#### Work instructions
Data follows below. Repeat exactly the lines between the line holding "VANHA Postikortti Lieto" and the line holding "Sac messager Prada", inclusive, and nothing more; drop pictures.

==== Data shown ====

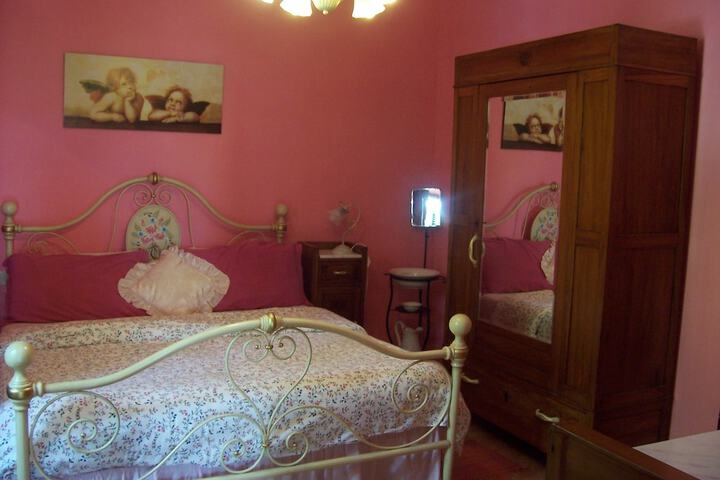Room 68 of 89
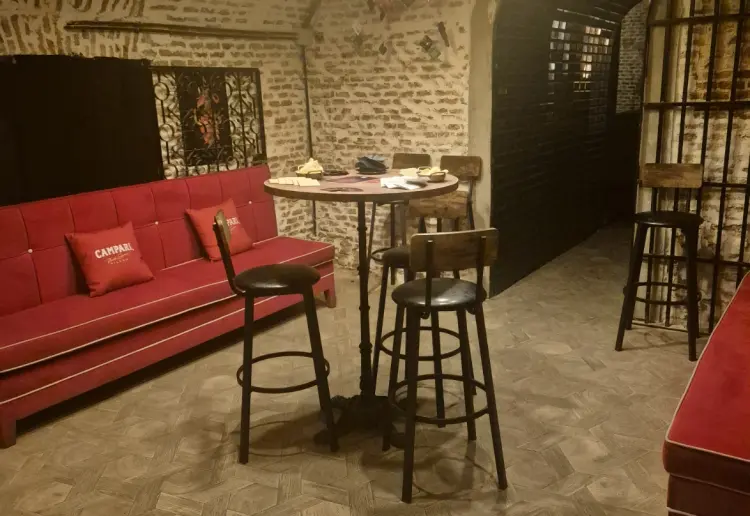 Sotano privado con bar propio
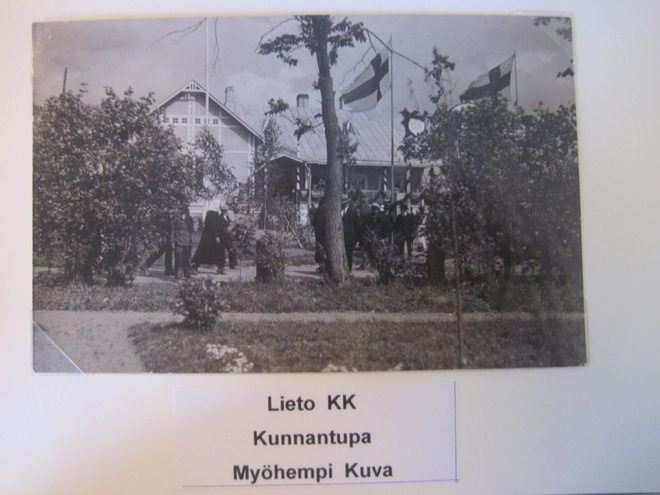 VANHA Postikortti Lieto Kirkonkylä Suomen Lippu ym 1920-l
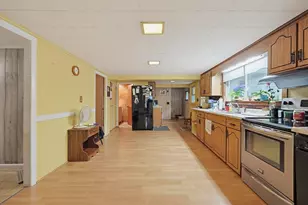 1030 County St, Attleboro, MA 02703 - Photo 11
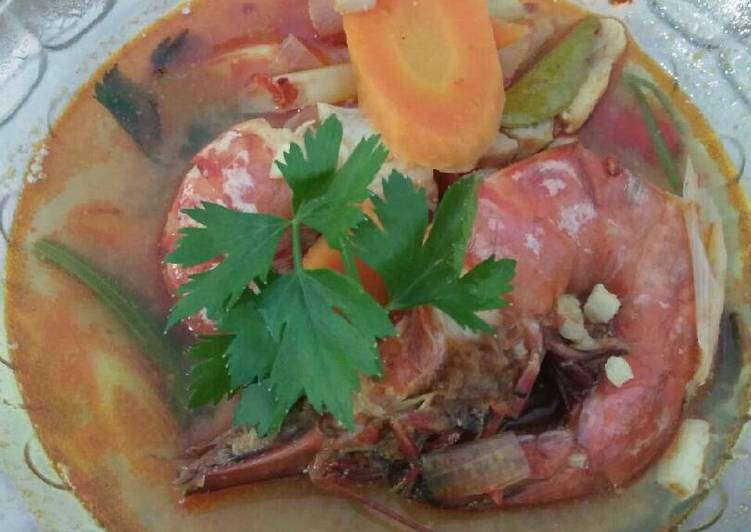 resep lengkap untuk Tom yum soup super simple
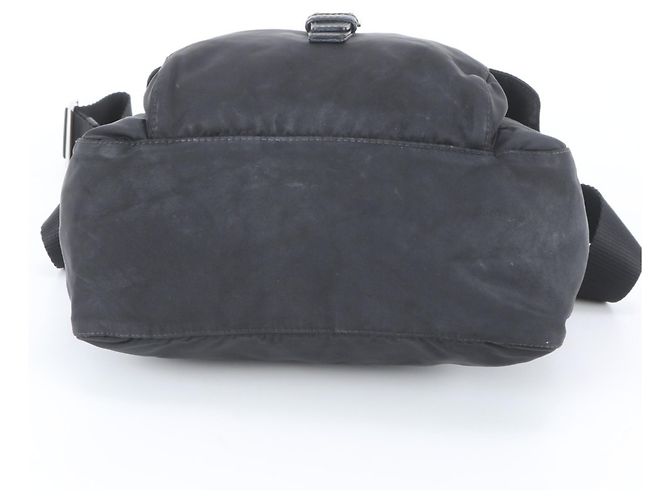 Sac messager Prada en nylon Tessuto avec logo triangle en cuir Noir - vue 6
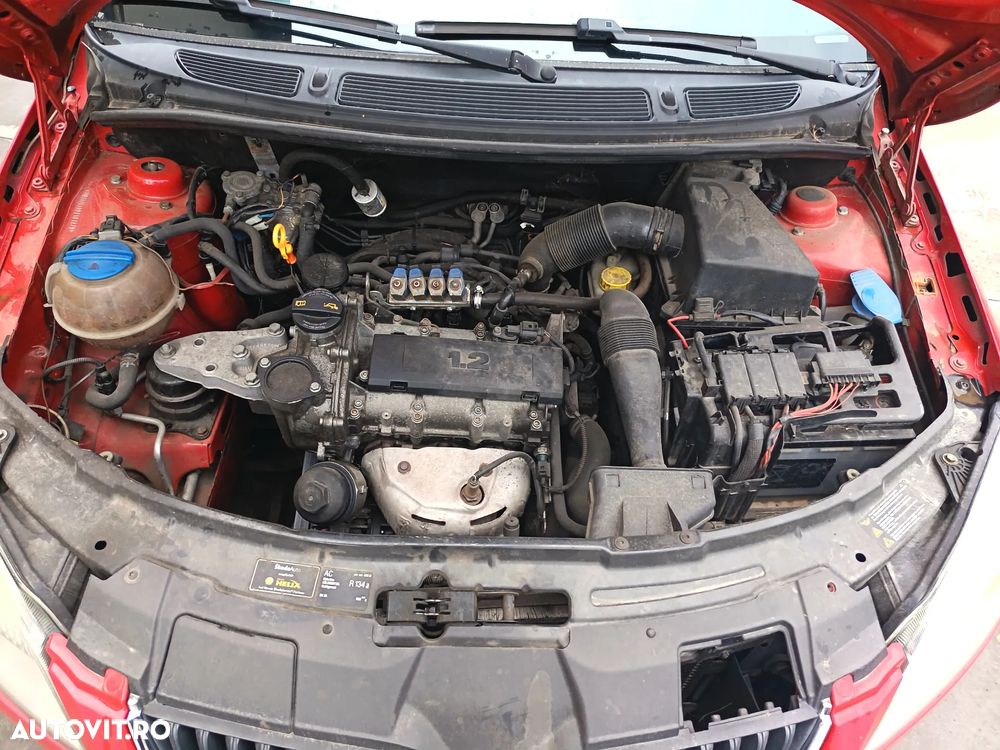 Dezmembram Skoda FAbia 2 break an fabr 2010 1.2 b - 2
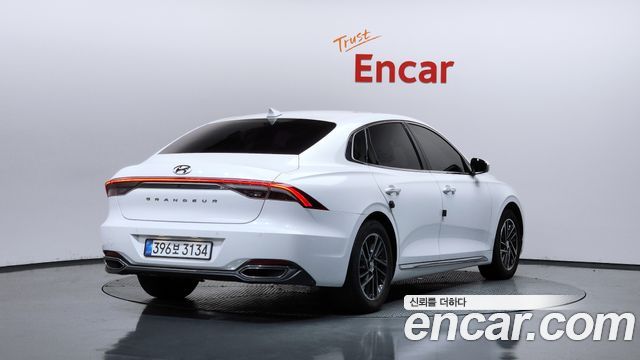 Hyundai Grandeur Новый IG 3.0 LPi Rent Car Modern - фото 1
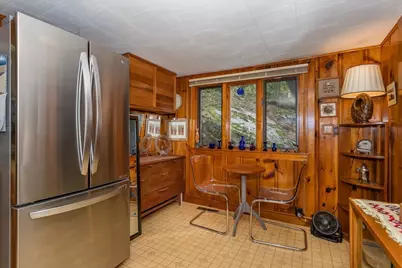 20 Crest Ave, Weymouth, MA 02189 - Photo 9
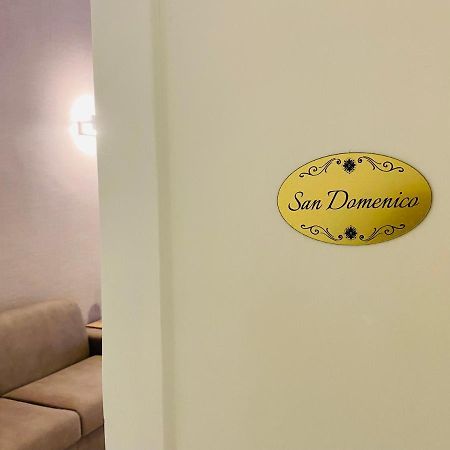 Around Toledo Hotel Napoli Bagian luar foto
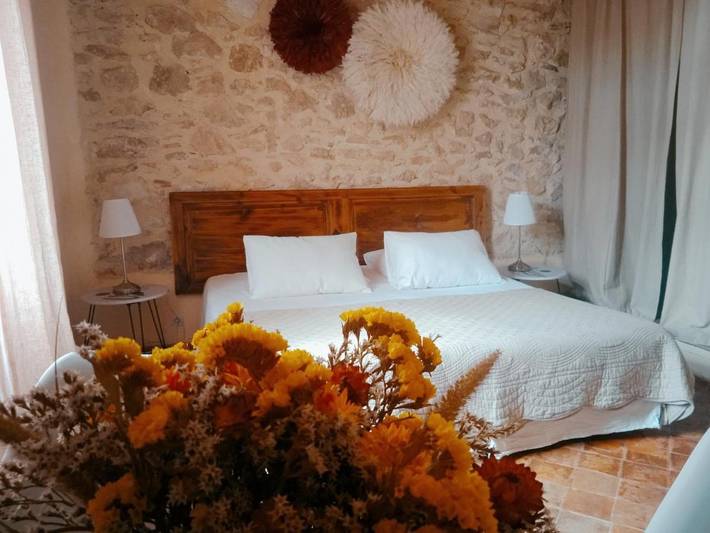 Ferienwohnung für 2 Personen, mit Terrasse und Garten sowie Ausblick in Méthamis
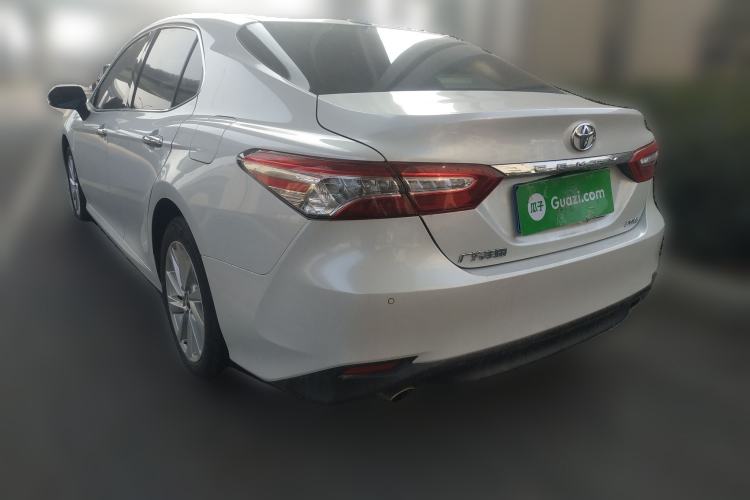 Used Toyota Camry 2021 2.0G Luxury Edition
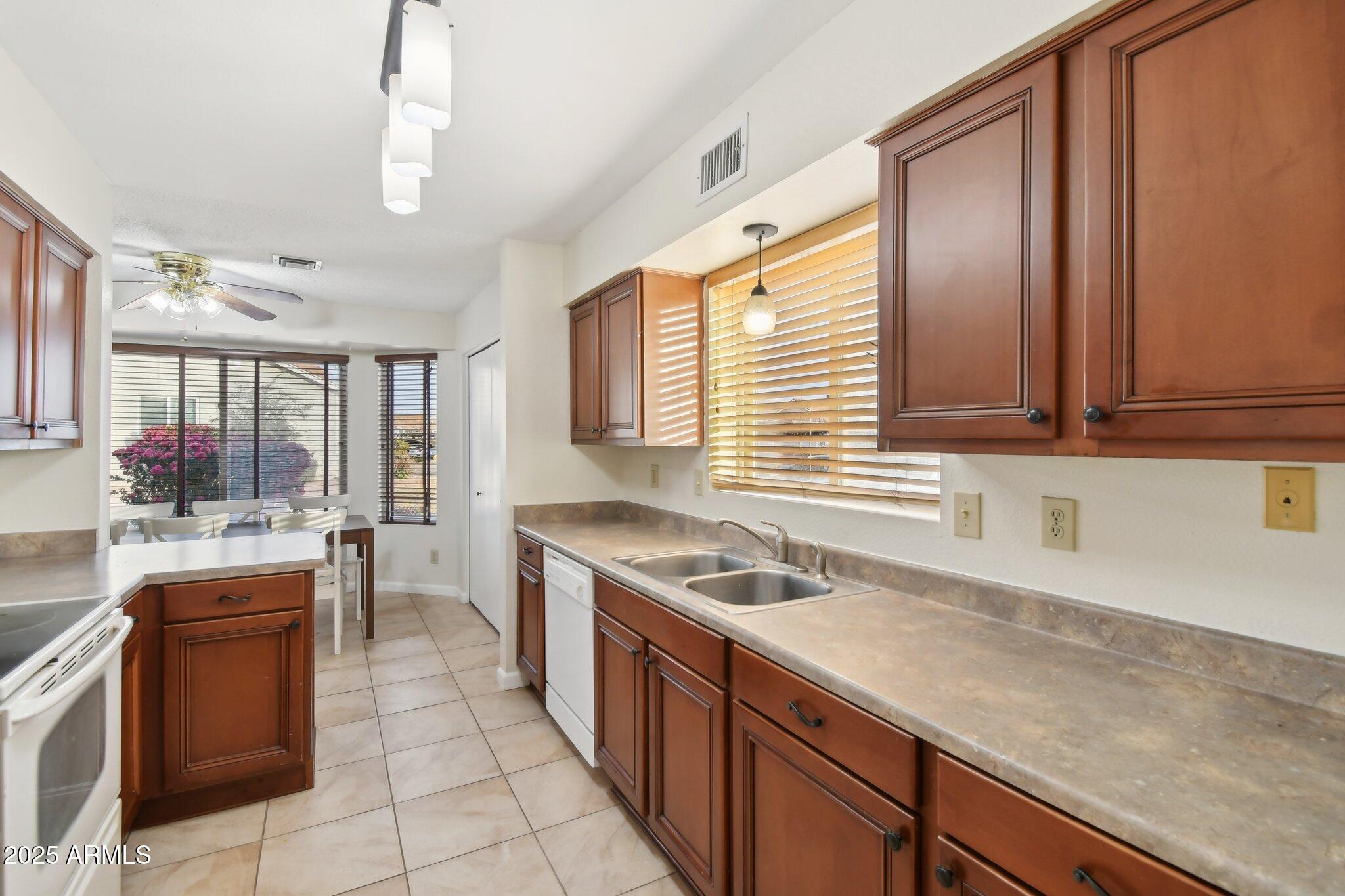 11-web-or-mls-N Recker Rd 1253-011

====

#### Answer to the exercise
 VANHA Postikortti Lieto Kirkonkylä Suomen Lippu ym 1920-l
 1030 County St, Attleboro, MA 02703 - Photo 11
 resep lengkap untuk Tom yum soup super simple
 Sac messager Prada en nylon Tessuto avec logo triangle en cuir Noir - vue 6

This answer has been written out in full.